I’m trying to scale the volumes associated with a Fly-managed postgres. I followed the instructions in this community post to scale up the replicas: PostgreSQL HA - #2 by kurt

This seems to work with replicas, but attempting these steps with the leader, (create volume, scale up, remove leader volume, scale down) the leader vm doesn’t get removed when scaling down, it instead removes the newly-created replica, and leaves the leader with no volume associated with it. I was able to get it working by restarting postgres, but that resulted in downtime.

What is the intended way to scale the volumes associated with the postgres leader?

2 Likes

There are some race conditions in volume removal and scaling that we need to work through.

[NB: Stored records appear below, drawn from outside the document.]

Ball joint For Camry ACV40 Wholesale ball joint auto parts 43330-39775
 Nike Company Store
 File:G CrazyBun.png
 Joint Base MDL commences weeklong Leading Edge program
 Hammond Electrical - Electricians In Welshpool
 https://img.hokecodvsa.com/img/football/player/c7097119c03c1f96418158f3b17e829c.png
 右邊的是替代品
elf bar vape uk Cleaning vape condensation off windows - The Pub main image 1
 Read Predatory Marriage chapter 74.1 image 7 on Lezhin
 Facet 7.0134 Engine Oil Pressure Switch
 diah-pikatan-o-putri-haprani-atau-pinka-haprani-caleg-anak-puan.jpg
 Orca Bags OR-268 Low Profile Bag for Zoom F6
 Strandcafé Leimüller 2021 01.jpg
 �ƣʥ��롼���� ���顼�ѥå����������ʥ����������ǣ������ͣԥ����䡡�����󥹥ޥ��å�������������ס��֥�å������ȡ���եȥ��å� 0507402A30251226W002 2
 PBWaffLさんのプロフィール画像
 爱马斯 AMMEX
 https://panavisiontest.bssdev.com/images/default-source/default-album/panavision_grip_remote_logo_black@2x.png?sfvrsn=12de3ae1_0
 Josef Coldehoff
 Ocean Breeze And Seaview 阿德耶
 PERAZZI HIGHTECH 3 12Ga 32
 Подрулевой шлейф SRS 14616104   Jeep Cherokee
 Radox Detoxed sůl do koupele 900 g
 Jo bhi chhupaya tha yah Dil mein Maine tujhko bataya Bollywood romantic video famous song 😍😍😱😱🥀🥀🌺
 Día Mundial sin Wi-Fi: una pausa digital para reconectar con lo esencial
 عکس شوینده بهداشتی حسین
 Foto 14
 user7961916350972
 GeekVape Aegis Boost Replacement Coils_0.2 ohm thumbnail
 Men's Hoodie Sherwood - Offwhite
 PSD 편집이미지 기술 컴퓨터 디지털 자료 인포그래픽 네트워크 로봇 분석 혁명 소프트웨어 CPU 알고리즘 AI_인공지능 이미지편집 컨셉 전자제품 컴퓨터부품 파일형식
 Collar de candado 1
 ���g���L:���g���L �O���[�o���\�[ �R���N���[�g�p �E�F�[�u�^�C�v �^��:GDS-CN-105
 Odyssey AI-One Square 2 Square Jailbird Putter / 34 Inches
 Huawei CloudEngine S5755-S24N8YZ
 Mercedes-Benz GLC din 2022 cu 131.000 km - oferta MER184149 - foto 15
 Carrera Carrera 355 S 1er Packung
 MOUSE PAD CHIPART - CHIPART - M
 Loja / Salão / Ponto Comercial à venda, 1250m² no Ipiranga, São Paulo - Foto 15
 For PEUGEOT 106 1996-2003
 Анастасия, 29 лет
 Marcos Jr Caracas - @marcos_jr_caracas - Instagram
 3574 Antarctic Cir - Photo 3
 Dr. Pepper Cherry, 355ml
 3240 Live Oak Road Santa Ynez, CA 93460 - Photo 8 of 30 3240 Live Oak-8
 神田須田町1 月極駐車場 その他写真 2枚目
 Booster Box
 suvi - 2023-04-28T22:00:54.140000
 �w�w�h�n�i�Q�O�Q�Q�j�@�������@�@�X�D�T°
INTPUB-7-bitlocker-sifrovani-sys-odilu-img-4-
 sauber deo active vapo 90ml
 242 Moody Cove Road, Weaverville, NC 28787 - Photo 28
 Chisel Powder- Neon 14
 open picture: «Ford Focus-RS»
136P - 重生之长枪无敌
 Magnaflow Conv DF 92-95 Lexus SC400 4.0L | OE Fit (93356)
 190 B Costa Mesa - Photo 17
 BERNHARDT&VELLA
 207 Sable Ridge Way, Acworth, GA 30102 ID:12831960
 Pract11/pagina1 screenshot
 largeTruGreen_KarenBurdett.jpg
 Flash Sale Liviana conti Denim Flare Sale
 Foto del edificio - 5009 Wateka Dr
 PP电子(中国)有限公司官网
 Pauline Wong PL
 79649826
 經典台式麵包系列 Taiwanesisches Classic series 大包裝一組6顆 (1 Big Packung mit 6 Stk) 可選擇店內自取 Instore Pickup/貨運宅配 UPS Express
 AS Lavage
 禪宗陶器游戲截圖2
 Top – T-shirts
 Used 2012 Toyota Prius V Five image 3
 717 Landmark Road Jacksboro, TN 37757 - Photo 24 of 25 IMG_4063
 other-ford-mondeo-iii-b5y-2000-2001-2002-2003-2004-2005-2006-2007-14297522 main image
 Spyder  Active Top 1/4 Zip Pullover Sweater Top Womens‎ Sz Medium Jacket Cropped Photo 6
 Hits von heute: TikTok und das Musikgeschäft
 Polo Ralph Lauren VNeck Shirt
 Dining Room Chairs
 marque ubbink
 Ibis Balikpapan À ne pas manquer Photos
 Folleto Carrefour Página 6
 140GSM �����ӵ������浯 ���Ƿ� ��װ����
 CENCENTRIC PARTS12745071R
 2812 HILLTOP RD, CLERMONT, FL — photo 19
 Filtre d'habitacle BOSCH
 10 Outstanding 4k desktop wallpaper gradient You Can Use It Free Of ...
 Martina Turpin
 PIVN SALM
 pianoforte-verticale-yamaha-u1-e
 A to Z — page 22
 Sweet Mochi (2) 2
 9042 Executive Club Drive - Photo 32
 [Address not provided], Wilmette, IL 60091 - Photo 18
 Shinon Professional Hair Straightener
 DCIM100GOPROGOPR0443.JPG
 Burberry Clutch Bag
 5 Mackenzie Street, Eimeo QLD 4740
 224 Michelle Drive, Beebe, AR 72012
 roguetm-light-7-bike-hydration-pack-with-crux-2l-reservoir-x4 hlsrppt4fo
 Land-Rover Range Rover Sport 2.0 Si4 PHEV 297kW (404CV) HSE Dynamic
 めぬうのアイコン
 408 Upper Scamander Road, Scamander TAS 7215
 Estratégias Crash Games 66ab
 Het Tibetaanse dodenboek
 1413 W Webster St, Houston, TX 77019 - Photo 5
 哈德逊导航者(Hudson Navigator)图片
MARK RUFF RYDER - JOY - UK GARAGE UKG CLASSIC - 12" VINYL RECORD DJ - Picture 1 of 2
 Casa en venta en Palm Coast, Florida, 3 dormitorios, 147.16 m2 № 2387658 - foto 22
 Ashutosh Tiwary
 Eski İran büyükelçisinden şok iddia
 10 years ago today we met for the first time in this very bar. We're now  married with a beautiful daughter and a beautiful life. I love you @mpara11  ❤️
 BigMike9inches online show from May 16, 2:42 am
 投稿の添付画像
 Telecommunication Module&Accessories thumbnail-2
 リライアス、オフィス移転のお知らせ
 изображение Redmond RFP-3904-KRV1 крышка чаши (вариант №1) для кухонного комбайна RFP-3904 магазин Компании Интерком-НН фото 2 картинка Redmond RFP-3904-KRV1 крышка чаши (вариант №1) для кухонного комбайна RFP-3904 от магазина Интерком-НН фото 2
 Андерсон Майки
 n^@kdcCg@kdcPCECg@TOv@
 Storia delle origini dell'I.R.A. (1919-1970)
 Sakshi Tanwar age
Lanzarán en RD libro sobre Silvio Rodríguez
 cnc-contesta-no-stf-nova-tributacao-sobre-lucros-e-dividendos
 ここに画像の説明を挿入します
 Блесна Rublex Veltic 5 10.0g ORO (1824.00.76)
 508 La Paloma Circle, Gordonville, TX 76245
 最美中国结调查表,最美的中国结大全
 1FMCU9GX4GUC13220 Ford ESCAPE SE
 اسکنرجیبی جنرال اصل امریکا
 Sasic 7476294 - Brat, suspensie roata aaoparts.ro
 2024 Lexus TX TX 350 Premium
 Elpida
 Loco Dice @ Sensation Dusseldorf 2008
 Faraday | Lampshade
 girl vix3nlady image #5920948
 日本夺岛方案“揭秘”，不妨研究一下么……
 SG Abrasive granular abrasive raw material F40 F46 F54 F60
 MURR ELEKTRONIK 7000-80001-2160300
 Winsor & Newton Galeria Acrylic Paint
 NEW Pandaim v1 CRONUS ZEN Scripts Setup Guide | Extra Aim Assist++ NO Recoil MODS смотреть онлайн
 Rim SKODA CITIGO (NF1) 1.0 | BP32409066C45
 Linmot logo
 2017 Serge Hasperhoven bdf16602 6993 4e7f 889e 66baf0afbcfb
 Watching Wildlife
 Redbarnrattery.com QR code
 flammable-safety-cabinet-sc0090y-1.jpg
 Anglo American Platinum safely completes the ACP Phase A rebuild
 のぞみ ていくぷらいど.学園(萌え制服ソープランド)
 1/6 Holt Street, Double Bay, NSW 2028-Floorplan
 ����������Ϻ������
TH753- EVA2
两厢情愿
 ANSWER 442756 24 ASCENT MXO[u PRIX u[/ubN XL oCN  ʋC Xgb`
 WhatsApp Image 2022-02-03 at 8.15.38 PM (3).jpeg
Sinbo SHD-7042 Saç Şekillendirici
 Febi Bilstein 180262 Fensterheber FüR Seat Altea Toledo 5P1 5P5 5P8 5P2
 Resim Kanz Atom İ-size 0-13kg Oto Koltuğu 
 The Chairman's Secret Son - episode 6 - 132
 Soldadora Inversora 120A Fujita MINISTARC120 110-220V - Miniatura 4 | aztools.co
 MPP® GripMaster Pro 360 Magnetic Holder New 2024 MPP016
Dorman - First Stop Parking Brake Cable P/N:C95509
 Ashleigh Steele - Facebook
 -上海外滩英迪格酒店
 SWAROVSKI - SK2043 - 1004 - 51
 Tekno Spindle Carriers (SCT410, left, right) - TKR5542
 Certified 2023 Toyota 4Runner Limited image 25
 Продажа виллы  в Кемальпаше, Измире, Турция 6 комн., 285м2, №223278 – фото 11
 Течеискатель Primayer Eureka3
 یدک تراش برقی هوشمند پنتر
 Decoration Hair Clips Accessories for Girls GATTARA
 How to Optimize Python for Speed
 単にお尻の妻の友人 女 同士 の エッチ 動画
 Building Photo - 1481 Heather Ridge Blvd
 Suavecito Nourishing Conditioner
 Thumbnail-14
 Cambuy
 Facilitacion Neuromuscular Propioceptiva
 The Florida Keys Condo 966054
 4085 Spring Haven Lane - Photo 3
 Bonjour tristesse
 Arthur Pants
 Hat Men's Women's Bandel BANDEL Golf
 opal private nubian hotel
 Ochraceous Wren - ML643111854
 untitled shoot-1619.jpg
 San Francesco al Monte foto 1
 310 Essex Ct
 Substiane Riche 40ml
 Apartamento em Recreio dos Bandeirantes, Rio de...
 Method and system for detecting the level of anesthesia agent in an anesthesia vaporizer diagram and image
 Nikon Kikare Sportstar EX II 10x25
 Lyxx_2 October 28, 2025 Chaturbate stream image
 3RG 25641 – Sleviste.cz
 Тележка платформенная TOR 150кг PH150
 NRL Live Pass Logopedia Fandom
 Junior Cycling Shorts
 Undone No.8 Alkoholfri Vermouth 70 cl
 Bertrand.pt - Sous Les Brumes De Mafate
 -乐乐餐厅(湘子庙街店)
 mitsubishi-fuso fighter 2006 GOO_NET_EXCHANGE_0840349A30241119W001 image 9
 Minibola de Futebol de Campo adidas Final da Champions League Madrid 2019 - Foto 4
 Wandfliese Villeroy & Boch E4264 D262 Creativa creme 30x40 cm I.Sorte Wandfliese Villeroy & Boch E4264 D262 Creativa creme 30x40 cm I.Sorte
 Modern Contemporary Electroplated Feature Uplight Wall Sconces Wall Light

But it will probably work better to do this:

  1. create new volume
  2. delete old replica volume
  3. wait a few minutes
  4. fly vm stop <replica id>

Once the new replica shows healthy, you can repeat the same process for the leader. fly vm stop <leader id> will gracefully step the leader down with minimal downtime.

Thanks @kurt!
But I’m still struggling with the warnings raised in PostgreSQL HA

I’d appreciate some help here :bowing_man: :hugs:

@kurt That workflow appears to work better, although the downtime doesn’t seems super great when it happens. My app is seeing ~1 minute of downtime when transitioning. Not sure if that’s expected or not. It could also be something to do with the configuration on my end?

Yeah that’s poor. I just realized it’s probably the result of an IP address in <db-name>.internal going away. Some drivers accept a connection string with multiple addresses and will happily reconnect, but we haven’t been able to find a consistent way to expose that yet.

What app runtime / postgres driver are you using? We can probably get you a config that helps with this.

I’ve been testing with Prisma, which takes connection URLs: PostgreSQL database connector (Reference) | Prisma Docs

Hmm that might work with the multi host URL format, assuming they really did implement libpq. Give us some time to try and improve this, if you find yourself needing to resize again soon we can do it for you.